No attorney can force the opposition to comply. Sometimes that attorney can get the opponent to pay the attorney fee and costs as a result of the noncompliance. Being fully prepared for trial six months out is NOT the norm, especially when there has been non-compliance.
Emails are a terrible way to communicate with a lawyer for matters of importance such as strategy. Schedule an appointment to meet with her in her office for 15-20 minutes to meet face to face. If her explanations and abilities seem inadequate and your expectations are not unreasonable, then ask someone else in the firm to transfer the case or hire someone from outside the firm. The latter would probably be better, all things considered.

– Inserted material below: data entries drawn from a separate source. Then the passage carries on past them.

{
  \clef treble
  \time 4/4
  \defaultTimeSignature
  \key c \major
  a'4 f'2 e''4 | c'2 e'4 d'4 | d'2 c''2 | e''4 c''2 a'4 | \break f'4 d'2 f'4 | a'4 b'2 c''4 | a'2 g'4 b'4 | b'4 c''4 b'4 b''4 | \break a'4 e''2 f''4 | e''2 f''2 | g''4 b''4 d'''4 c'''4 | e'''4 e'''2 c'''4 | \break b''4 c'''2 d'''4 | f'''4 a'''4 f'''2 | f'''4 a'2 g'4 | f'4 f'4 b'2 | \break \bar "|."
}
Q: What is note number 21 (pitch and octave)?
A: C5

While it is not inappropriate let me make a suggestion. Schedule a meeting with your attorney and fully explain your concerns. Perhaps there is some misunderstanding or something that just needs to be better explained to you. Make sure your concerns are well founded. If you go to a more senior lawyer with issues that are really not problems, you may be looked at as more of a problem and if you have legitimate concerns in the future they may not get the attention they would otherwise deserve.

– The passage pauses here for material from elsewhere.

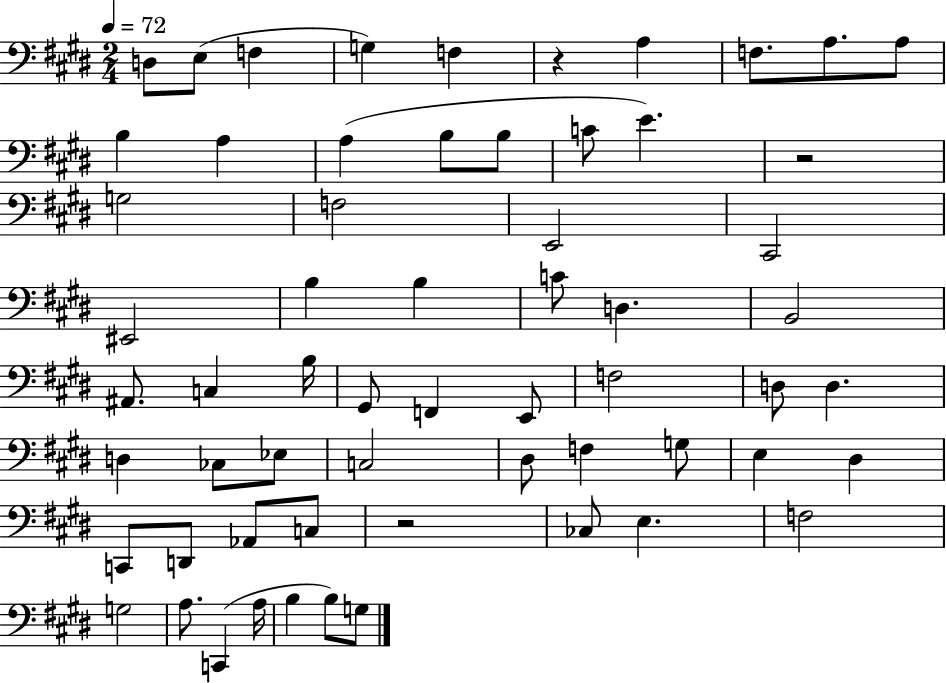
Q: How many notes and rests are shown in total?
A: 61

If you feel this is the "best" answer or is "helpful," please indicate. Since I am limited to the information you provide, I cannot guarantee the accuracy of the answer. You should seek the advise of an attorney who can explore all aspects of your question. This communication does not form an attorney client relationship.
Unfortunately, what you are describing sounds like a typical acrimonious family law case. If you are dissatisfied, you should sit down with the attorney handling your case and a supervising attorney to map out what is going to be done, hen and why.
This answer is provided as a public service for informational purposes only. Providing this information does not create an attorney-client relationship. As with all legal matters, you should contact an experienced attorney in your geographical area to discuss the law specific to your state. For more information, see www.hendricksonlaw.com.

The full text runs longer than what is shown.